La cara de Spencer estaba manchada de chocolate. Clay cogió una servilleta.

– ¿Cuándo viste ese programa?

– Aquel día que volví de la escuela con dolor de estómago. ¿No lo recuerdas? Bueno… -Spencer se lamió los dedos sin hacer caso de la servilleta que sostenía su padre-. Tal como yo lo veo, uno de nosotros tiene que casarse con ella. Y si no vas a ser tú, tengo que ser yo.

– ¡Eh!

Clay impidió que cinco dedos ávidos se hicieran con un pastel.

– Volvamos a la habitación.

– ¿Por qué?

Porque su hijo se había contagiado de aquella obsesión que residía en los genes de los Stewart de proteger a Liz, el pánico ante la idea de su relación con otros hombres, de que tuviera hijos con otros hombres, de que le gustara a otros hombres.
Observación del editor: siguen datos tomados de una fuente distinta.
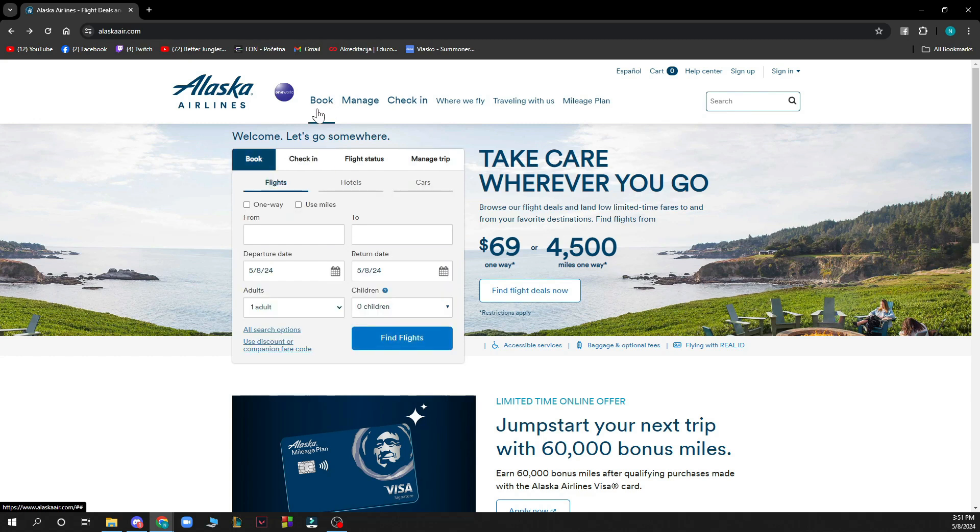Also in the top side you can book, manage, and check in. You can see where they fly, so basically where Alaska Airlines can fly you to. You can click on traveling with us and plan here.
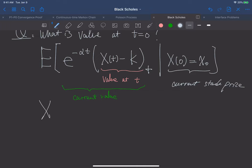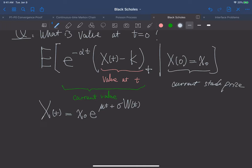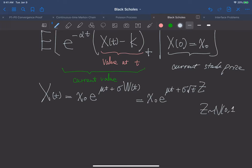If the current price is x sub 0, we know that x sub t is a geometric Brownian motion. As a result, it is the same as x sub 0 times e to the mu t plus sigma times the standard Brownian motion. And because this future time t is fixed, we rewrite W of t as a standard normal random variable with mean 0 and variance t. So as a result, we have sigma times square root of t multiplied with z, where z is a standard normal random variable.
Clay tenía que dejar de pensar en ella. Y su hijo no le estaba ayudando.

Capítulo Ocho

Clay apenas tuvo tiempo de quitarse la chaqueta antes de que una morena con un corpiño de lentejuelas rojas le pasara los brazos por el cuello y le besara ruidosamente en la boca. Otra criatura exuberante le dio una cerveza. Un disco sonaba a todo volumen en alguna parte y el humo le atacó en oleadas antes de que pudiera abrirse camino por el cuarto de estar. Había olvidado que las fiestas en casa de Speed Matthews solían salirse de madre. Hacía años que no pasaba un rato con su vieja pandilla: Tom, Frank, Speed…, y le iría bien un poco de descontrol. Aunque los tres estaban casados y pagando hipotecas, sabían cómo divertirse. Sus hijos estaban a buen recaudo en alguna parte. El alcohol fluía libremente.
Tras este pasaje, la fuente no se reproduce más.